Primary Hyperoxaluria Type 1 - PubMed
3 days ago
- #Kidney Disease
- #Genetic Disorder
- #Primary Hyperoxaluria
- Primary Hyperoxaluria Type 1 (PH1) is caused by a deficiency of the liver enzyme alanine-glyoxylate aminotransferase (AGT), leading to excessive oxalate production.
- PH1 presents in infancy (10%), childhood/adolescence (70%), or adulthood (20%), with symptoms including nephrolithiasis and nephrocalcinosis.
- Untreated PH1 progresses to chronic kidney disease (CKD) and systemic oxalosis, affecting bones, heart, and retina, potentially leading to death.
- Diagnosis involves detecting high urinary oxalate levels and identifying biallelic pathogenic variants in the AGXT gene.
- Treatment includes pyridoxine for responsive AGXT variants, RNAi therapeutics (lumasiran, nedosiran), and liver transplantation.

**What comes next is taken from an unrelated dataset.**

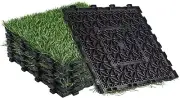 GRASSCLUB 9 PCS Artificial Grass Turf Tiles 1x1 ft, Interlocking Fake Grass Deck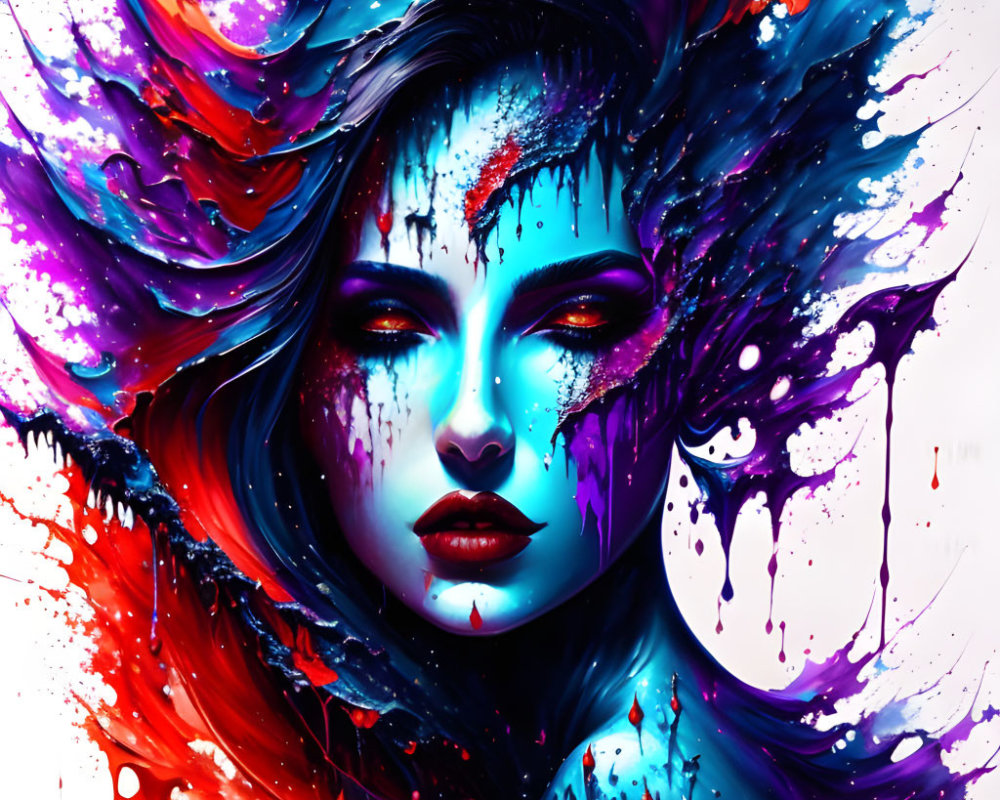 Colorful digital artwork of a woman's face with dynamic abstract effect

- Supportive care focuses on reducing stone formation, preserving kidney function, and may require dialysis or kidney transplantation.
- Lifelong surveillance is necessary to monitor kidney function, urine oxalate levels, and signs of systemic oxalosis.
- Avoid volume depletion, high oxalate foods, excessive vitamin C, and nephrotoxic drugs.
- Family screening is recommended due to intrafamilial variability and the availability of effective treatments.
- Pregnancy in PH1 requires close monitoring, with caution advised regarding the use of RNAi therapeutics.
- PH1 is inherited in an autosomal recessive manner, with genetic counseling recommended for at-risk families.